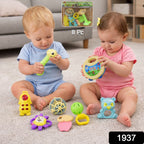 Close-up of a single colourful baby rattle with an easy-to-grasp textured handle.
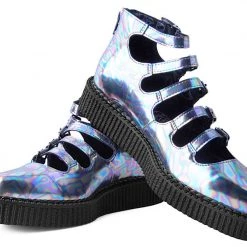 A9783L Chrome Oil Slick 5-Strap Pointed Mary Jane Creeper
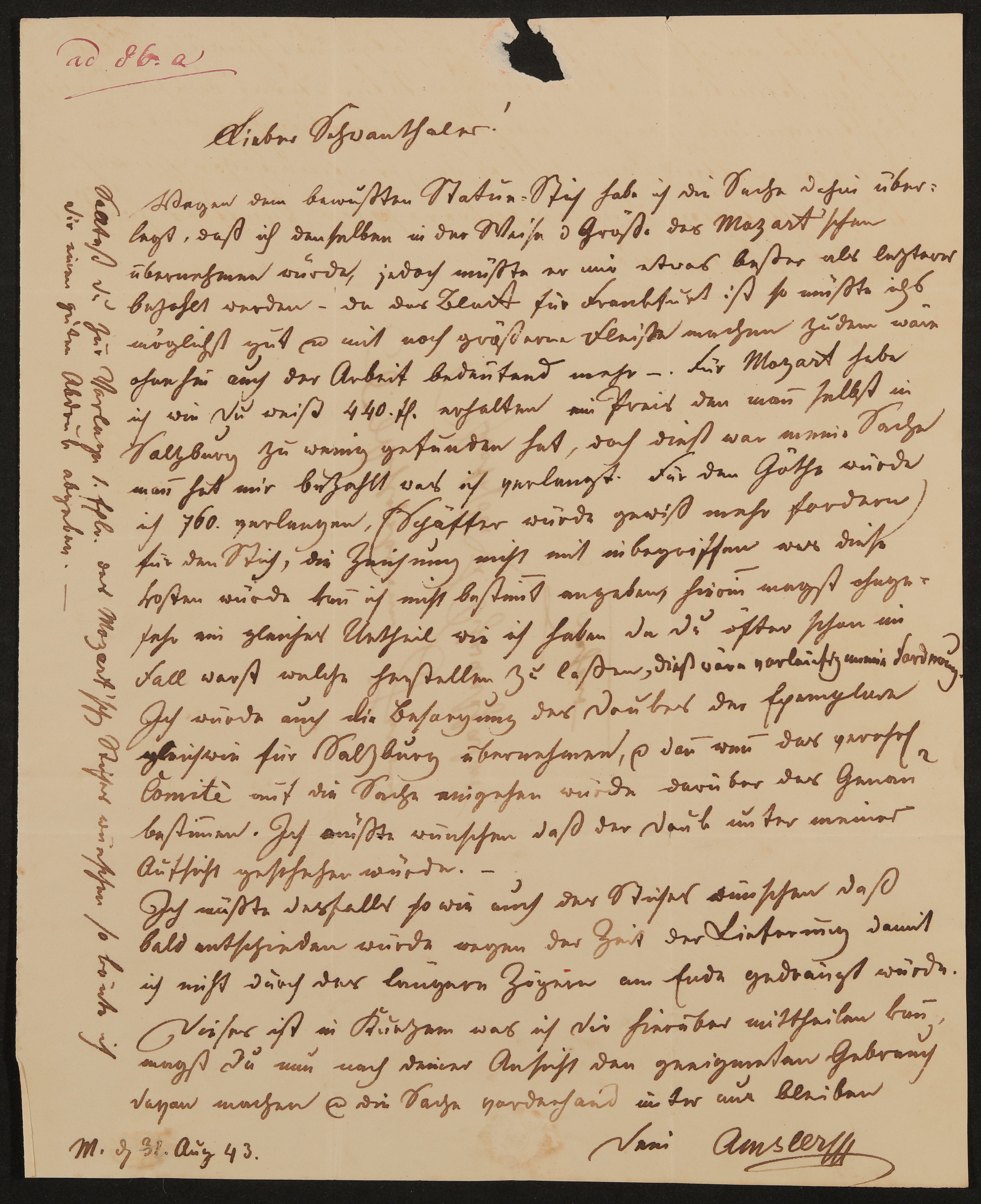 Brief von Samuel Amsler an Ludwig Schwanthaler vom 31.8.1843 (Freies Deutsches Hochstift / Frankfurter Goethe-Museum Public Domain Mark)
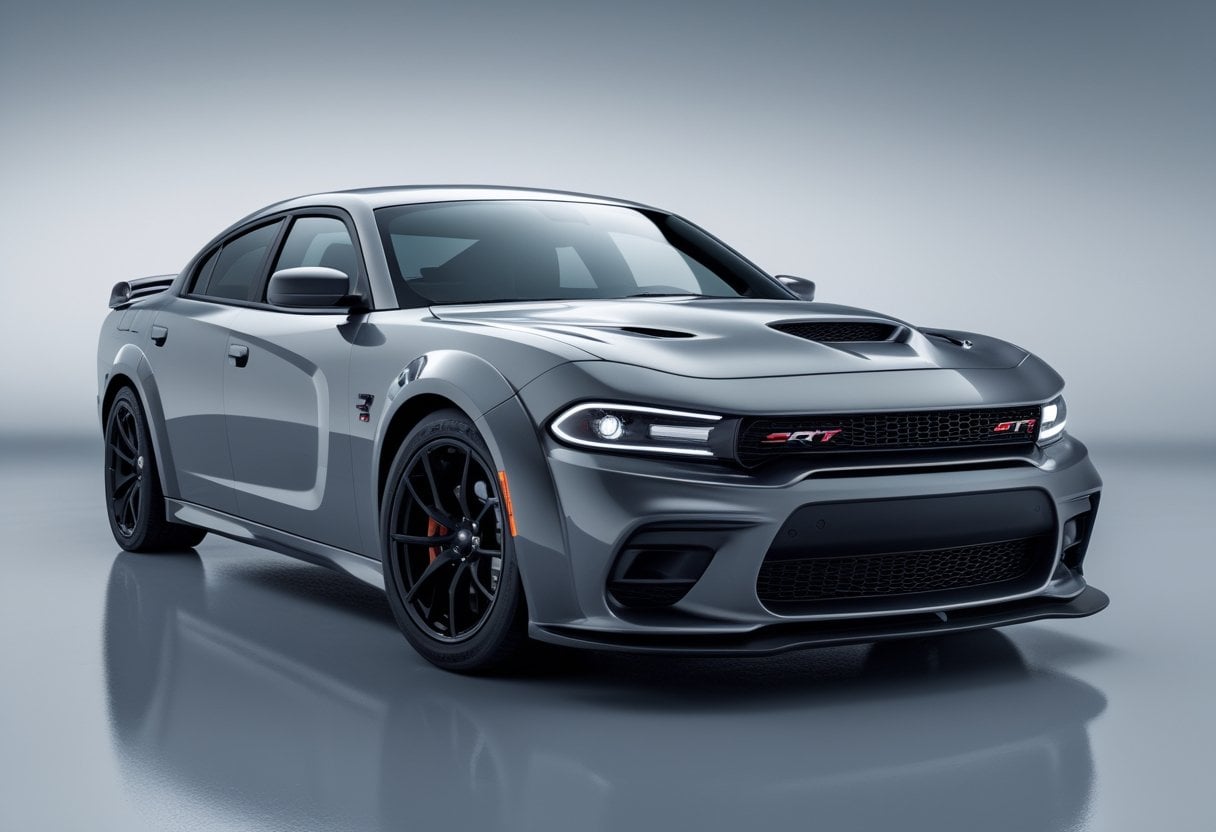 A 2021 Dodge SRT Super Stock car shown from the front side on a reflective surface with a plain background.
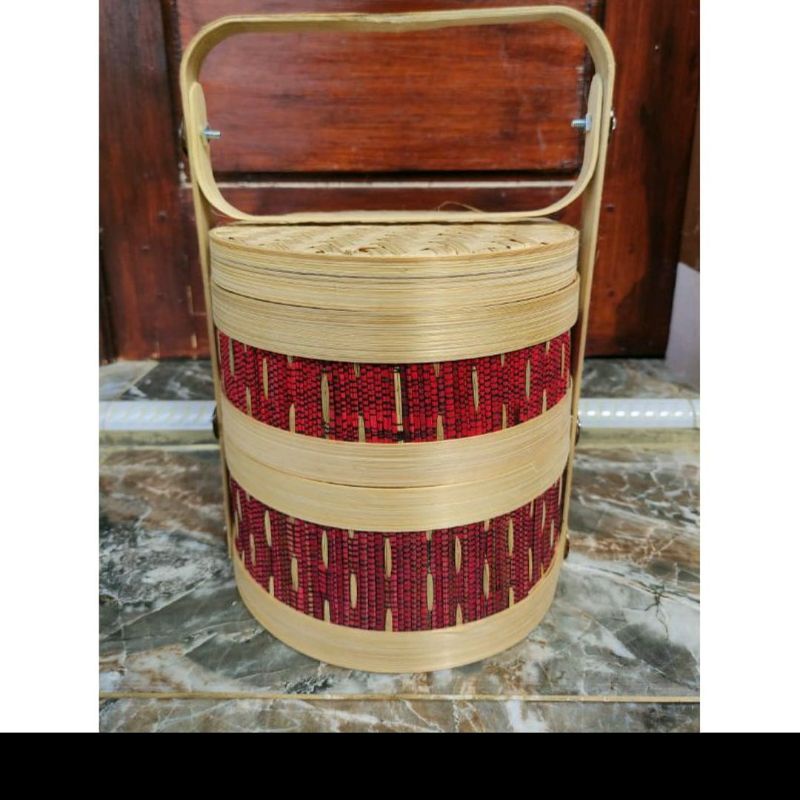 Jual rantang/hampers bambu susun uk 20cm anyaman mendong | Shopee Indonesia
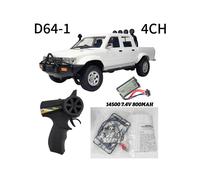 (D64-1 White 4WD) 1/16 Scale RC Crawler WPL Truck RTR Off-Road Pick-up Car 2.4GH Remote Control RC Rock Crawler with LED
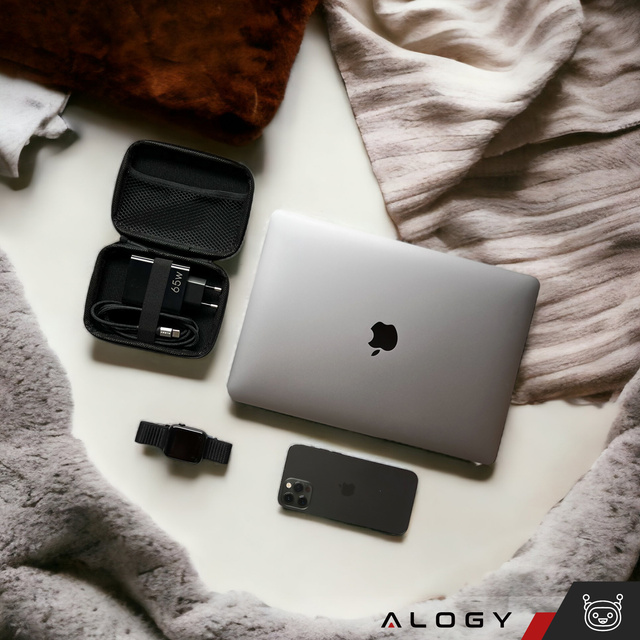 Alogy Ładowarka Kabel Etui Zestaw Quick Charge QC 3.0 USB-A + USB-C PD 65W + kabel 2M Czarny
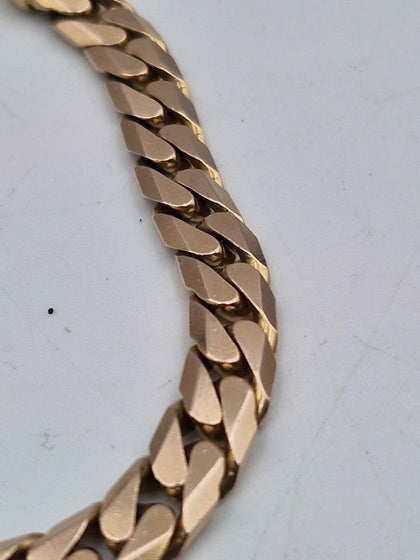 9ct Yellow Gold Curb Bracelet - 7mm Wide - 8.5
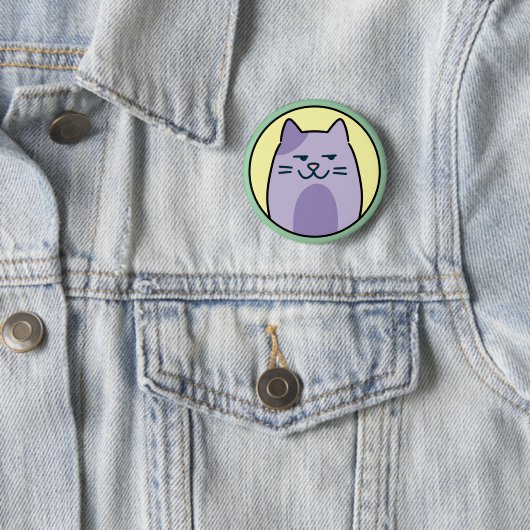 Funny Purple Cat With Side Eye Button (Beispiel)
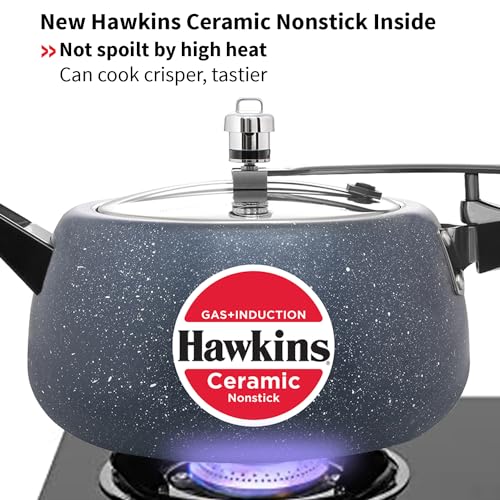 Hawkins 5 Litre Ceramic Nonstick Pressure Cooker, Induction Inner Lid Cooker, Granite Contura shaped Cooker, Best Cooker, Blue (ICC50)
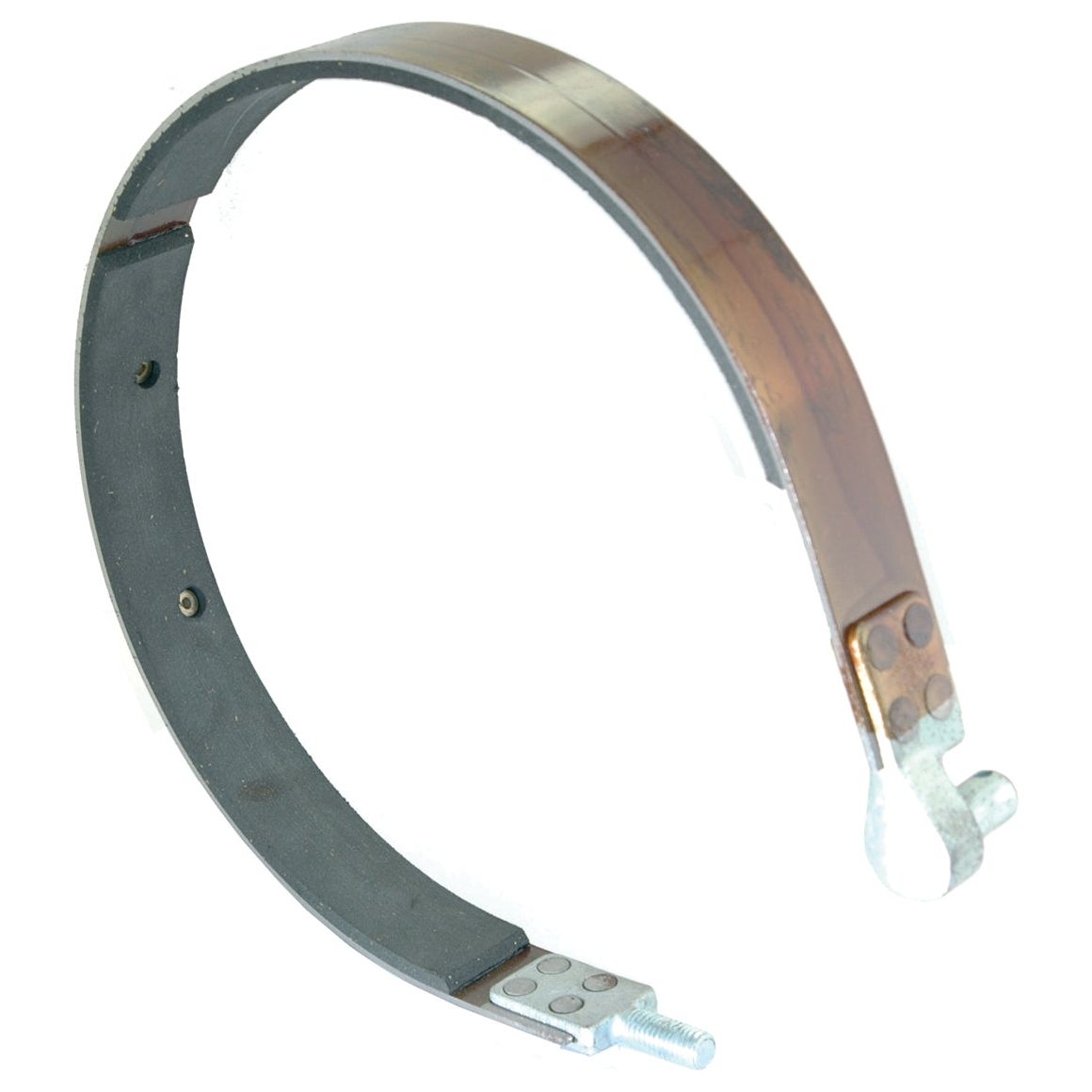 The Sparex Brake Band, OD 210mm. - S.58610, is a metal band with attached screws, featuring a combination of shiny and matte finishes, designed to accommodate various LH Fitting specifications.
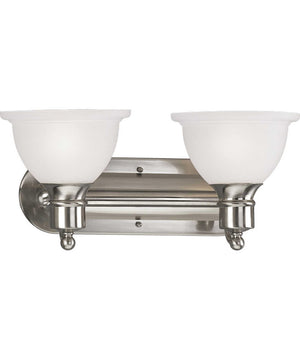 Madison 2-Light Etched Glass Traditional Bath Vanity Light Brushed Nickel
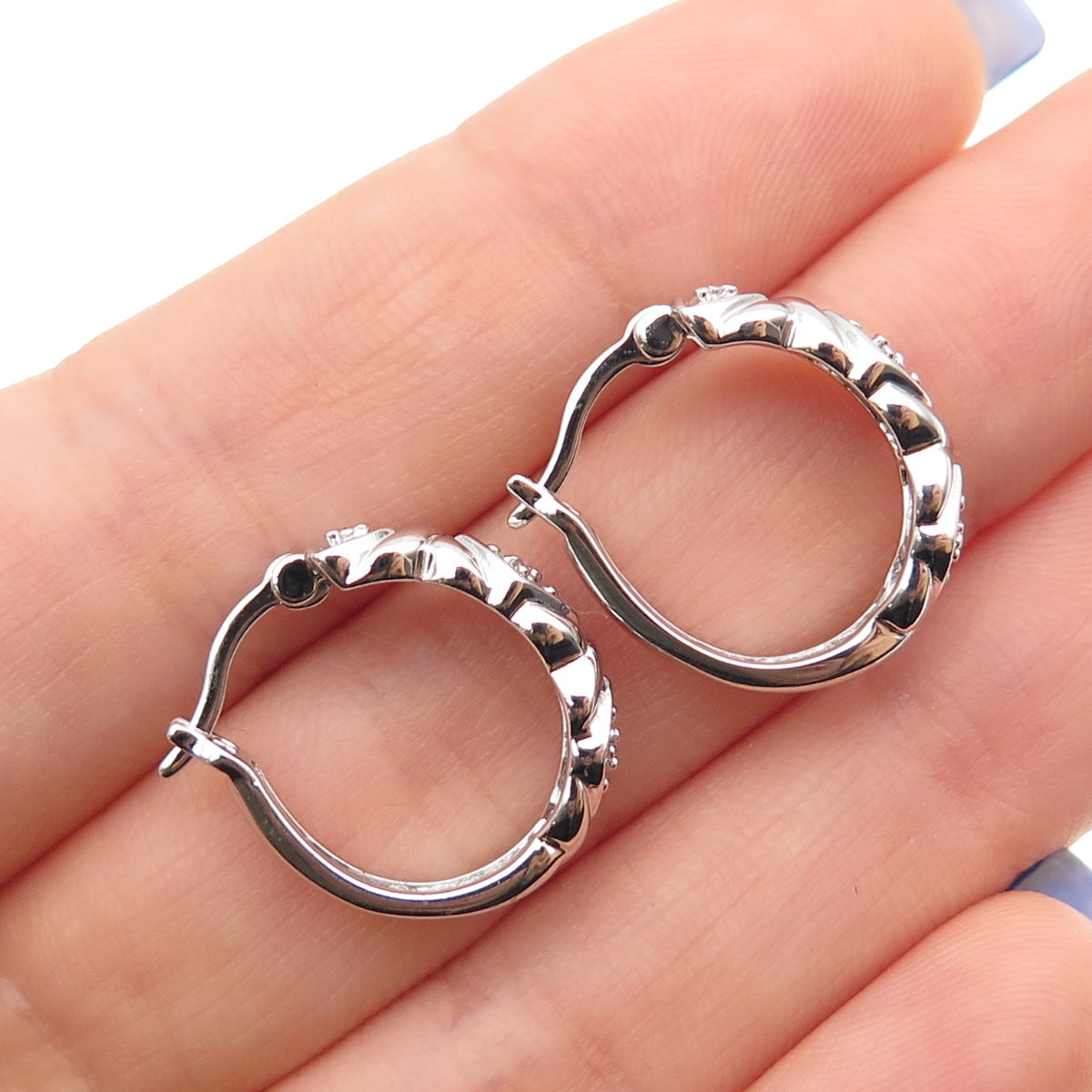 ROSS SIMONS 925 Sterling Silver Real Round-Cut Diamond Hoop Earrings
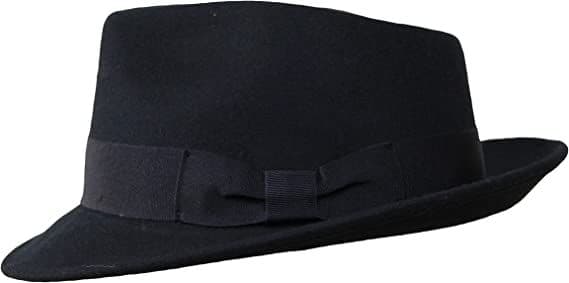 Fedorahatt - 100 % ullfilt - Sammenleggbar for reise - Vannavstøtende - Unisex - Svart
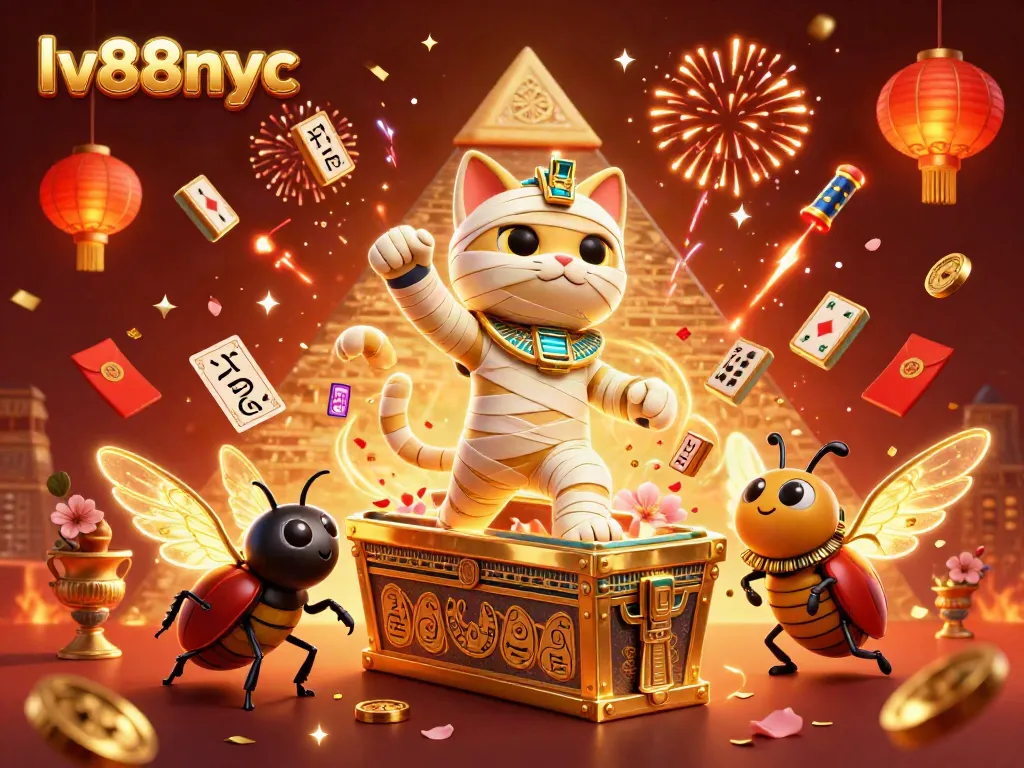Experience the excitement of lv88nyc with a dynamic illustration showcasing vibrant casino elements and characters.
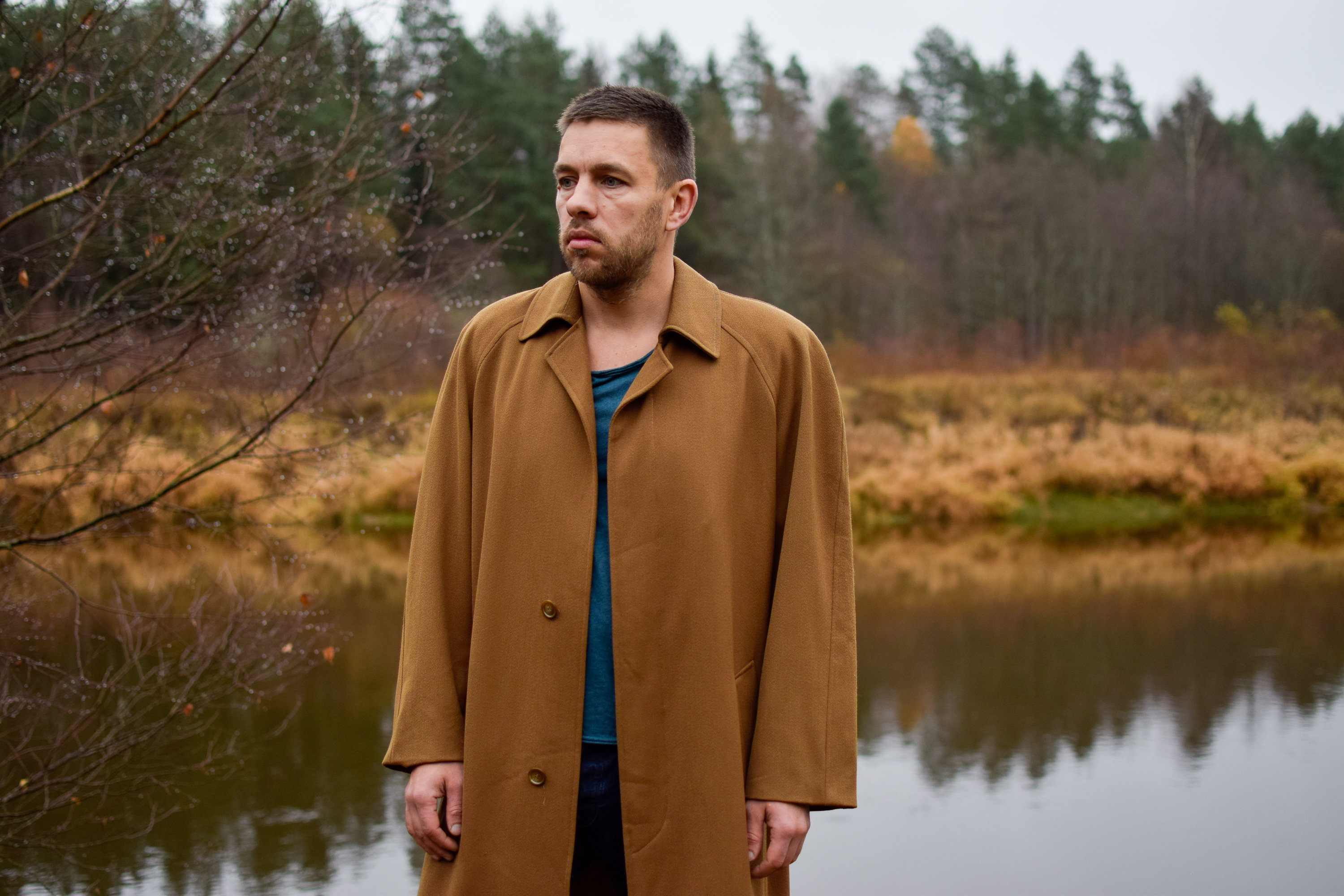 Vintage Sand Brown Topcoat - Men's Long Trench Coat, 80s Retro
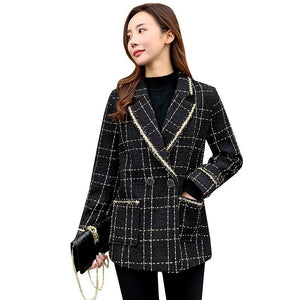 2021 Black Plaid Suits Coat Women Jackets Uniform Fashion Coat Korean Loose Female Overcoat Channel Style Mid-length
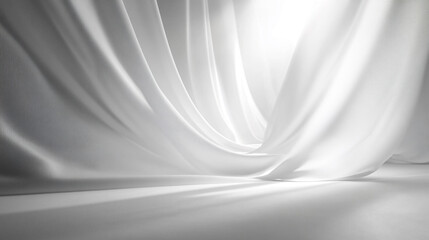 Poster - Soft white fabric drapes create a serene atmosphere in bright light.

### Exercise details
Give again the stretch of the entries above that begins at the line with "9ct Yellow Gold" and ends at the line with "The Sparex Brake", word for word, with no pictures.

### Problem solution
 9ct Yellow Gold Curb Bracelet - 7mm Wide - 8.5
 Funny Purple Cat With Side Eye Button (Beispiel)
 Hawkins 5 Litre Ceramic Nonstick Pressure Cooker, Induction Inner Lid Cooker, Granite Contura shaped Cooker, Best Cooker, Blue (ICC50)
 The Sparex Brake Band, OD 210mm. - S.58610, is a metal band with attached screws, featuring a combination of shiny and matte finishes, designed to accommodate various LH Fitting specifications.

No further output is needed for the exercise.